Yes, Sanders is a supporter of Empire (and Israel), especially when compared with a Jill Stein or a Ron Paul. Maybe he did make a “Faustian deal,” so as not to become another Nader. But it’s also true that no Nader and no Stein has been able to carry this message—ultimately the Occupy message and the Hedges message—to the core of the national political debate in an election year and threatens to make it the issue of this campaign. Empire can only be stopped when it is “impossible to profit from war,” just as mass incarceration can only be stopped when it is impossible to profit from prisons. And Sanders’ message englobes this point, whether or not his own actions have supported it. Getting money out politics is the closest thing we have to a magic bullet or a single strike at the Death Star.
To focus on Sanders’ personal shortcomings is to miss the point. He is not a hero; he is the Ringbearer. Despite his imperfections and whatever we may think of him, he has been chosen by circumstance to carry the torch of Revolution at this moment. Our faith should not be not in him, but in the millions who are responding to his message, mobilizing and spreading awareness on issues that any true systemic change must be based on. The next time a street vendor kills himself, or the government plans to build a shopping mall in a park, or 160 people carry sleeping bags to a square, they will be there.
The Sanders campaign does not need to become a movement or a revolution because it already is. Ultimately, it is but the latest expression of a broad popular sentiment that began in the anti-war demonstrations of 2002, regrouped around an improbable candidacy in 2008, and graduated to a more elaborated critique and more confrontational tactics in 2011. In 2016 we see it reengaging with the formal political process as in 2008—but with the message of 2011. This is the nature of the true movement: nameless, faceless, leaderless, protean.

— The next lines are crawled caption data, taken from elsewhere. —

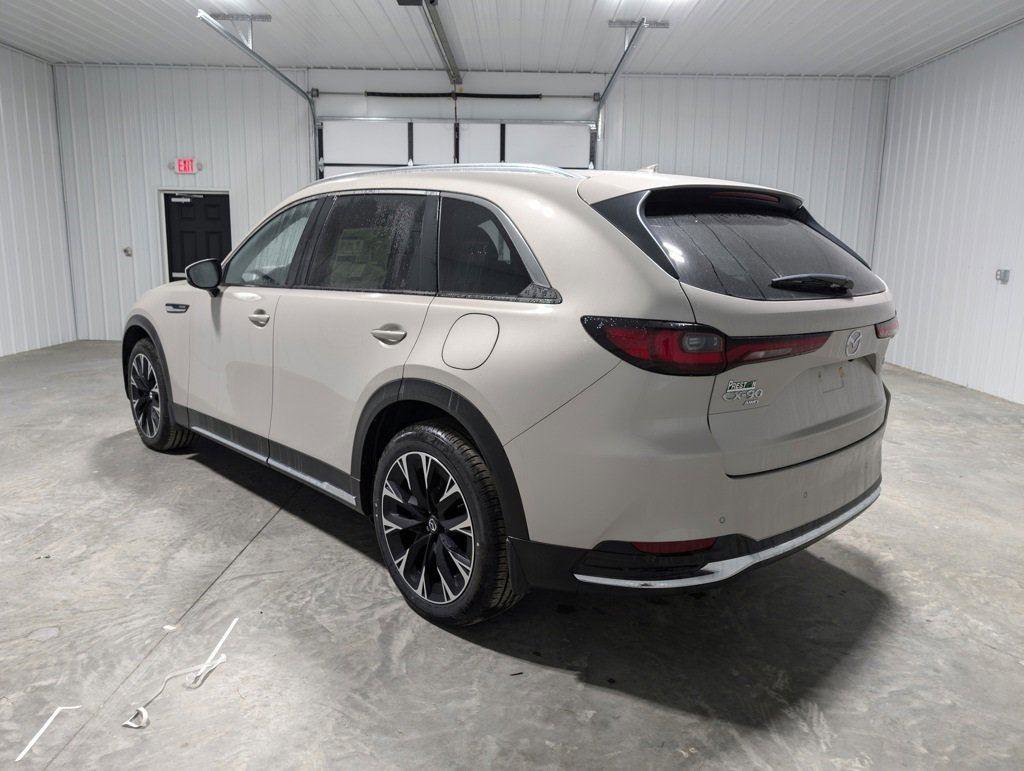 New 2024 MAZDA CX-90 Plug-In Hybrid w/ Premium Plus image 5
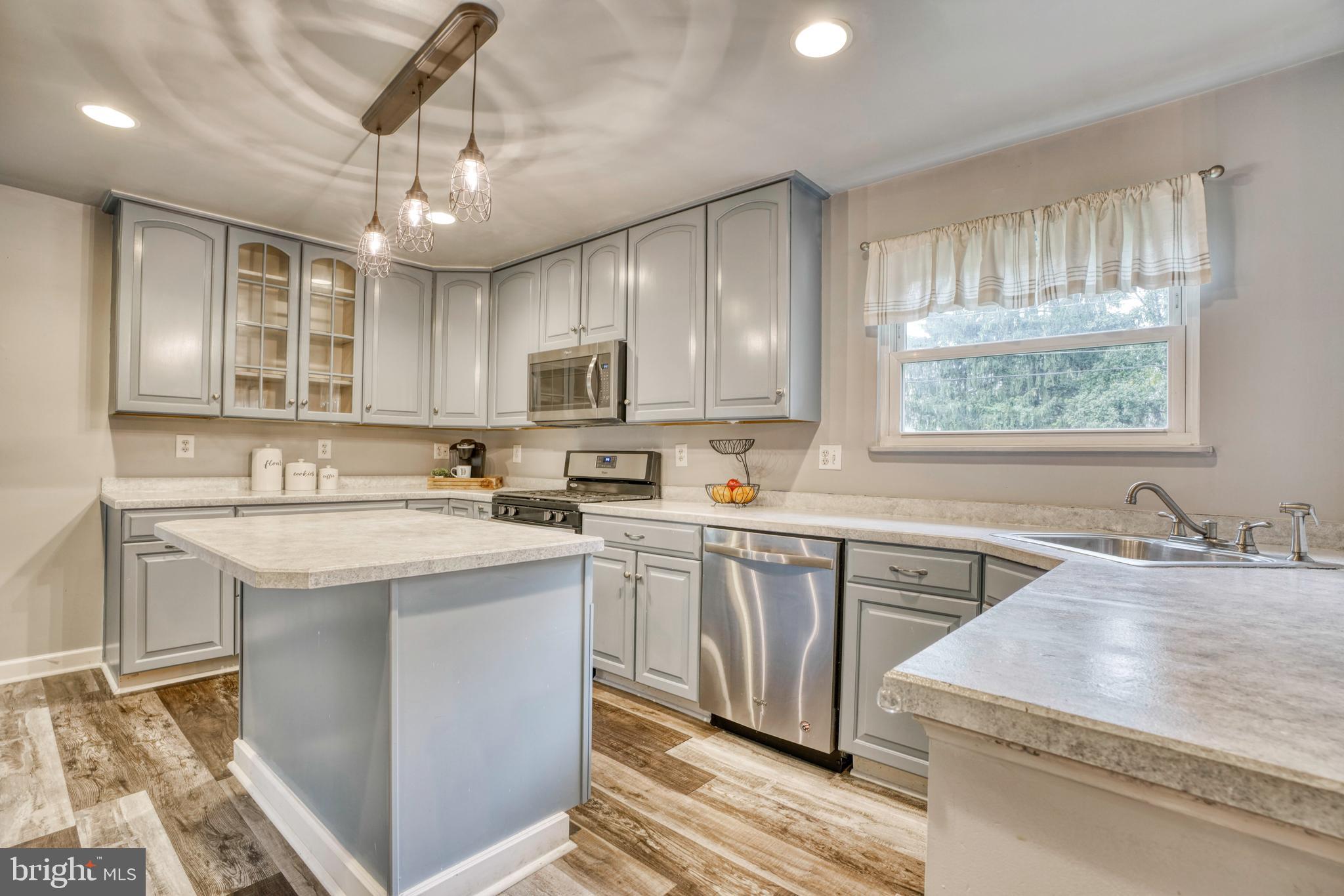 4408 Wynn Road Baltimore, MD 21236 - Photo 10 of 49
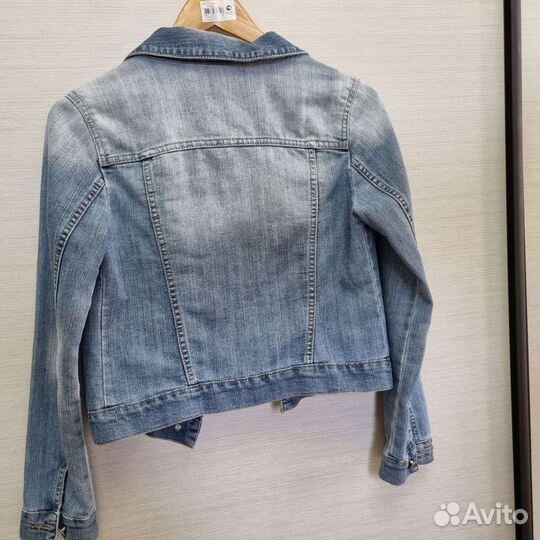 Джинсовая куртка женская
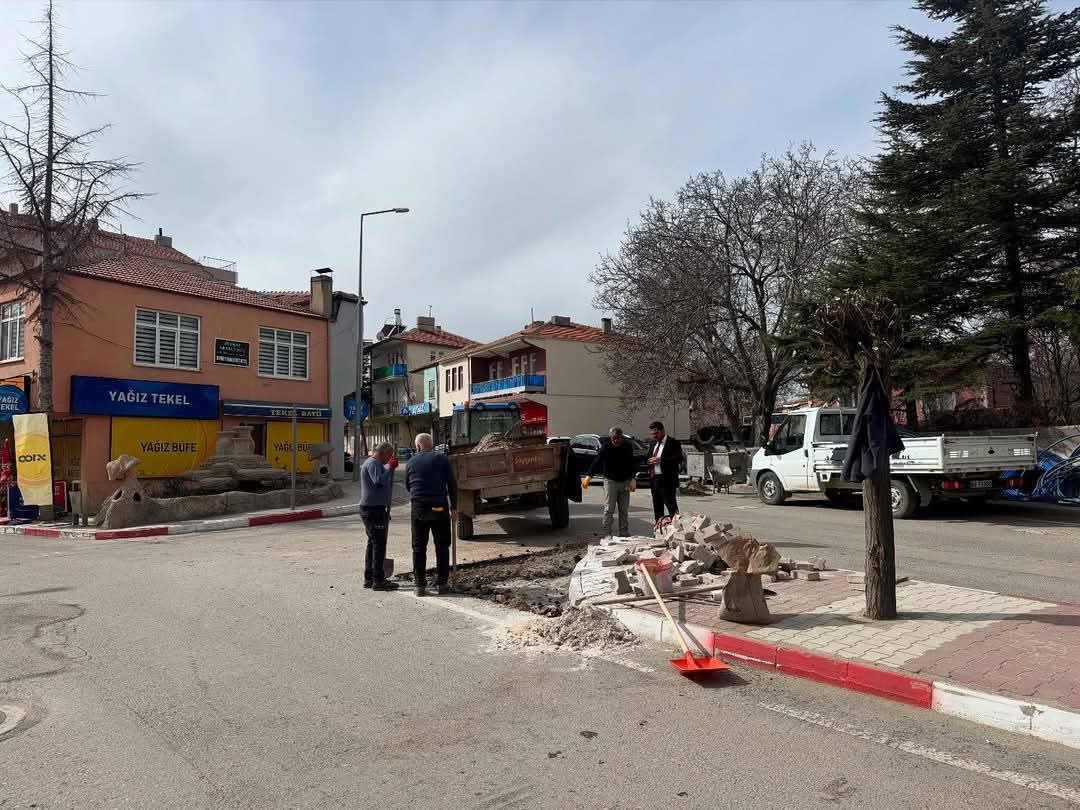 Ağaçören’de bayram hazırlığı; Belediye ekipleri sahada!  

Furthermore, only such a movement—that can battle in the Convention Hall one day and in the streets the next—will be able survive the sophisticated tactics that will be deployed to destroy it. We need a sustained struggle on multiple fronts, taking multiple forms, and the struggle being waged within the Democratic Party right now is as valid a front as any other. This is not a reclaiming of the Democratic Party, but an unmasking of it. The “duplicitous game being played by the political elites” is being publicly exposed and people are getting it. The moment Sanders tells us to fall in line behind Hillary is a moment we must shift en masse to Stein or some similar Plan B.

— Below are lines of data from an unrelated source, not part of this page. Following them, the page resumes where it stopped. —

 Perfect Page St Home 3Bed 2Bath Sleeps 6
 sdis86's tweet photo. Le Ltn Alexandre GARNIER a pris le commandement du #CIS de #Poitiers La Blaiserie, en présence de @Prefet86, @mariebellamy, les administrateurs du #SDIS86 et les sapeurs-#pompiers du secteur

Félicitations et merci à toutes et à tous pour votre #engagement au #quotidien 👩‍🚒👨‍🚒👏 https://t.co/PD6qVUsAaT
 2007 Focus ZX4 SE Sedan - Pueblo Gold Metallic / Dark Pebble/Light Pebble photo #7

My plea to Chris Hedges, and to all our allies on the Revolutionary Left, is not to sit out this opportunity to give hell to the DNC, raise awareness and mobilize against the Corporate State on an unprecedented scale, potentially to break the Democratic Party by staging a mass exodus upon his eventual loss (even if that means a Trump victory)—and yes, to let hope turn into disillusion, knowing that that this disillusion itself may be the fertile ground from which yet more powerful resistance can spring. The alternative is what we see far too often: a Left that is “internally crippled by endemic factionalism and dysfunction…dominated by an older, white demographic…and narcissistically self-referential.”

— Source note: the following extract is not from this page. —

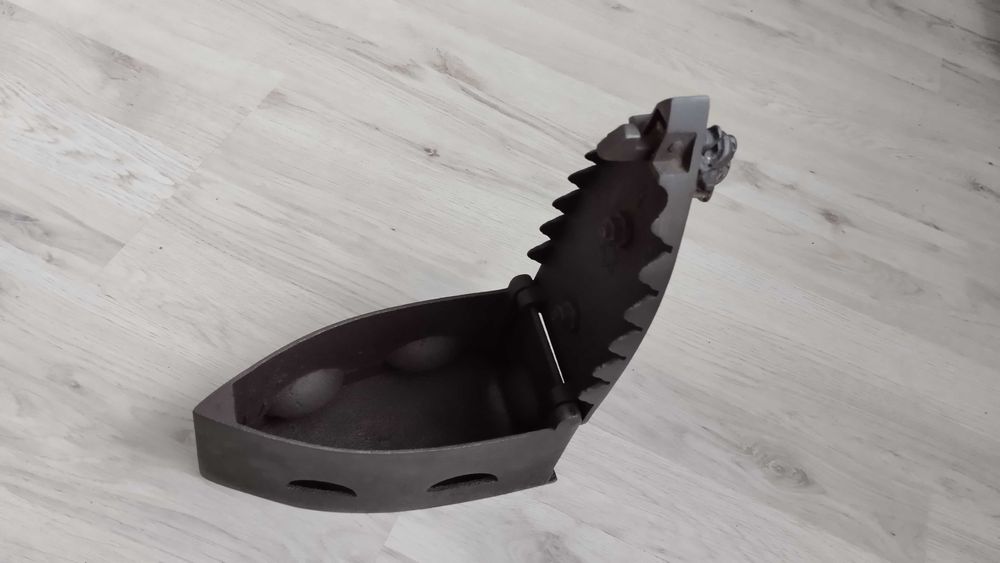 Fier de calcat vechi obiect de colectie sau decor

The real movement is a phantom movement: it appears, strikes and dissolves, only to reappear again elsewhere in a new and unexpected form. We do not decide where or how will erupt next. All we can do is recognize it and meet it where it is. When a thousand people are camping in the park, you grab a sleeping bag. When they collapse 50-point margins to tie or win primaries, you donate $27 and hit the phone lines.